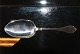 Bernsdorf Silver Cake Spade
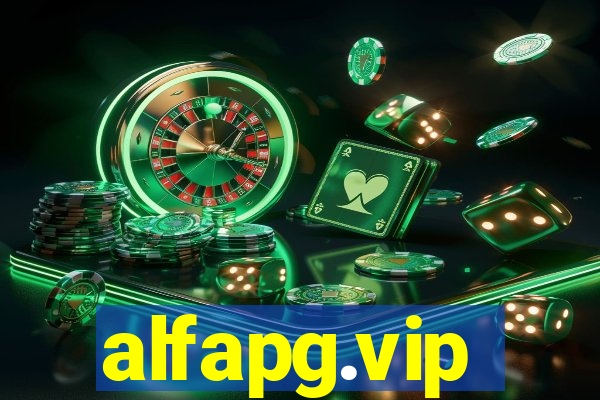 alfapg.vip
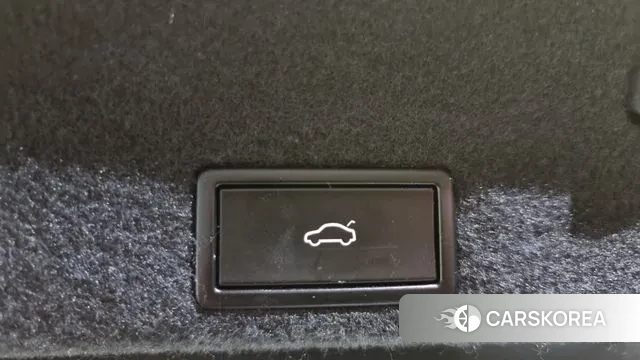 Volkswagen Passat GT (B8) id 3084269 из Кореи 11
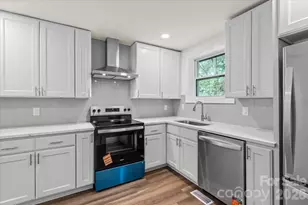 82 Georgia St SW, Concord, NC 28025 - Photo 9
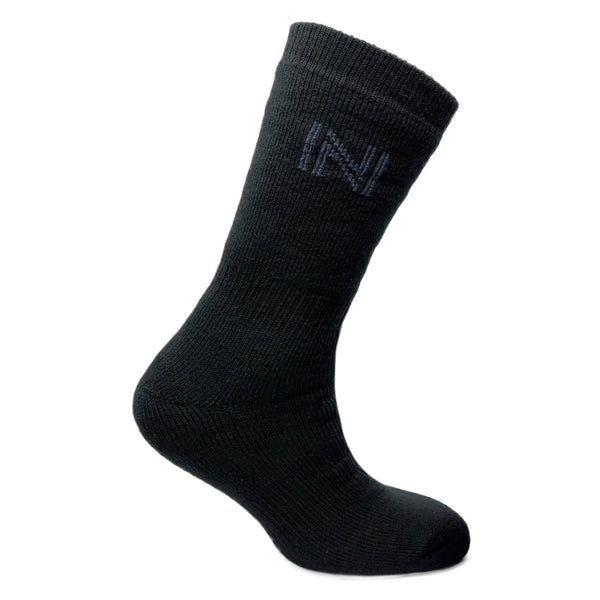 Nordic Ski Socks - Unisex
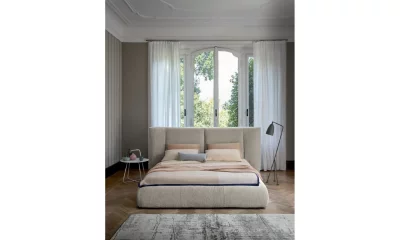 Кровать Bonaldo Youniverse 436980
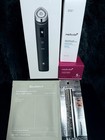 New Medicube Age-r Booster Pro Device   Skincare Set Lot Bundle High End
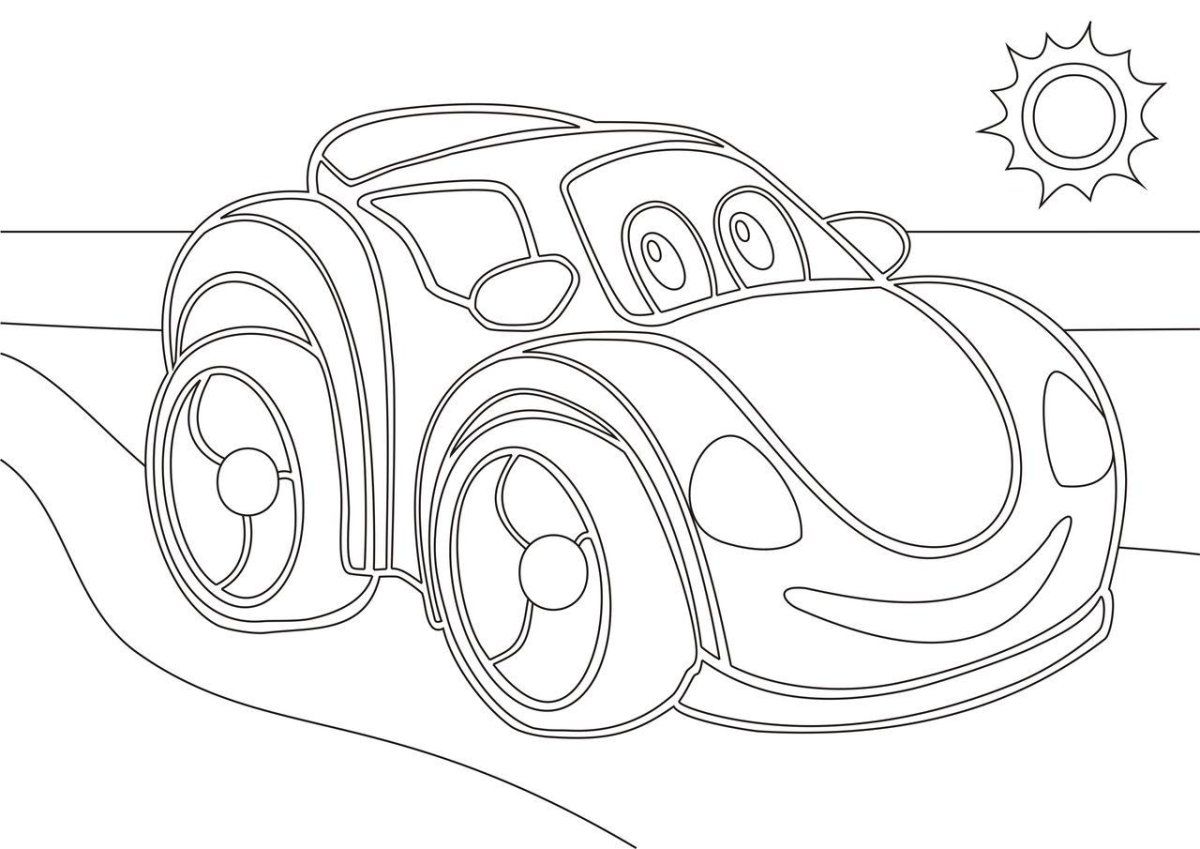 Трафарет машинки для вырезания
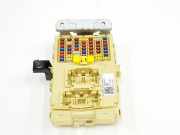 Sicherungskasten RELAIS 91955H8570 Kia Rio IV (YB) Schrägheck 1.2 CVVT 16V (G4LF)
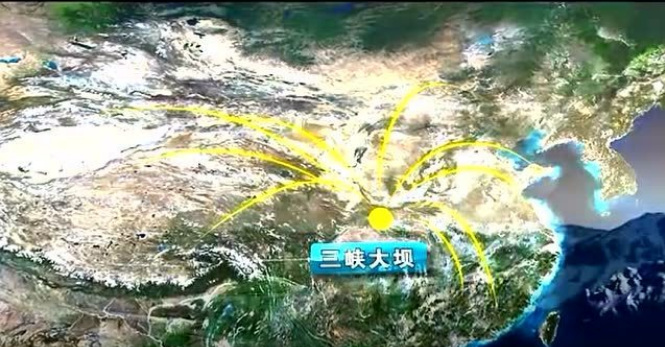 天天鲁一鲁摸一摸爽一爽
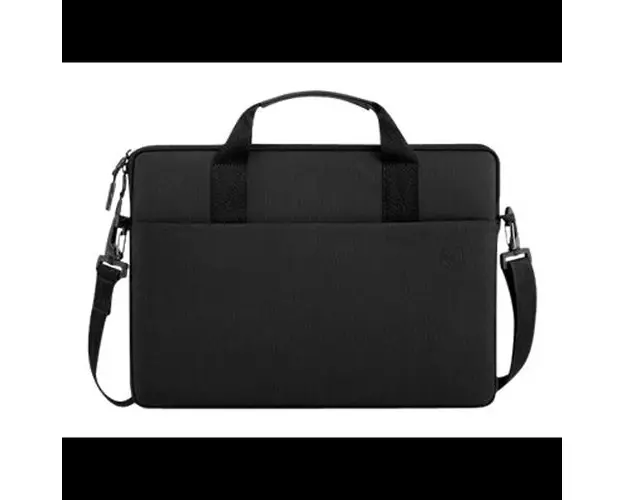 Geanta Dell Ecoloop Pro Sleeve CV5623, 16inch (Negru)
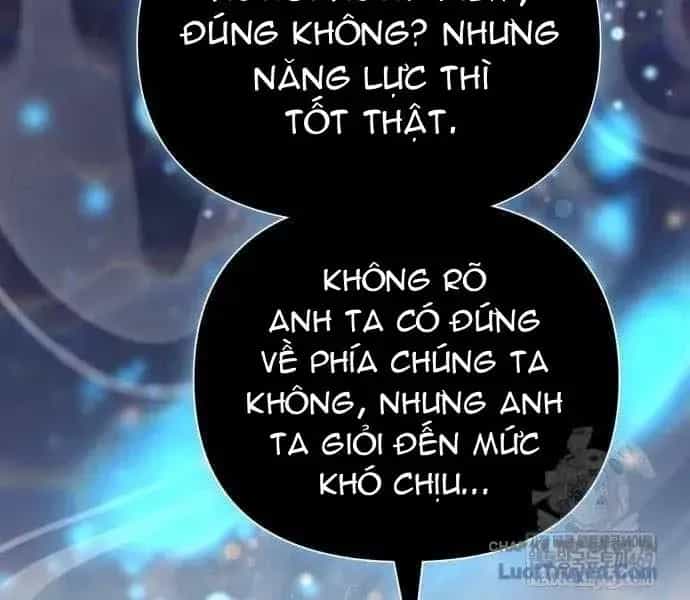 Những Ranker Cấp S Mà Tôi Nuôi Dưỡng - Chương 158 - ảnh 191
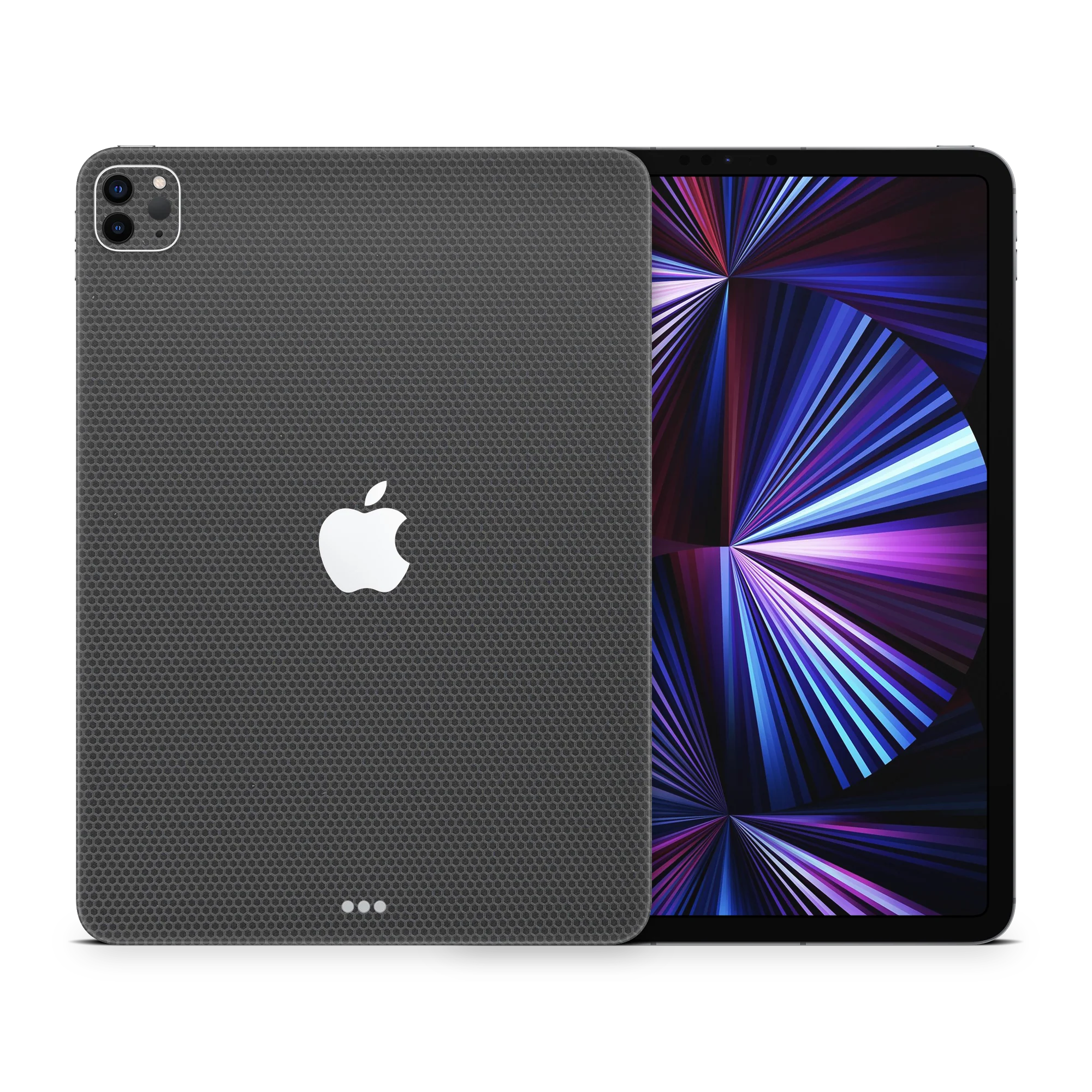 Apple iPad Pro 11 Gen 4 Skins - Image 21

---+---

Everything from the top line of the data down to and including the line with "天天鲁一鲁摸一摸爽一爽" is to be copied, except the pictures.

 Bernsdorf Silver Cake Spade
 alfapg.vip
 Volkswagen Passat GT (B8) id 3084269 из Кореи 11
 82 Georgia St SW, Concord, NC 28025 - Photo 9
 Nordic Ski Socks - Unisex
 Кровать Bonaldo Youniverse 436980
 New Medicube Age-r Booster Pro Device   Skincare Set Lot Bundle High End
 Трафарет машинки для вырезания
 Sicherungskasten RELAIS 91955H8570 Kia Rio IV (YB) Schrägheck 1.2 CVVT 16V (G4LF)
 天天鲁一鲁摸一摸爽一爽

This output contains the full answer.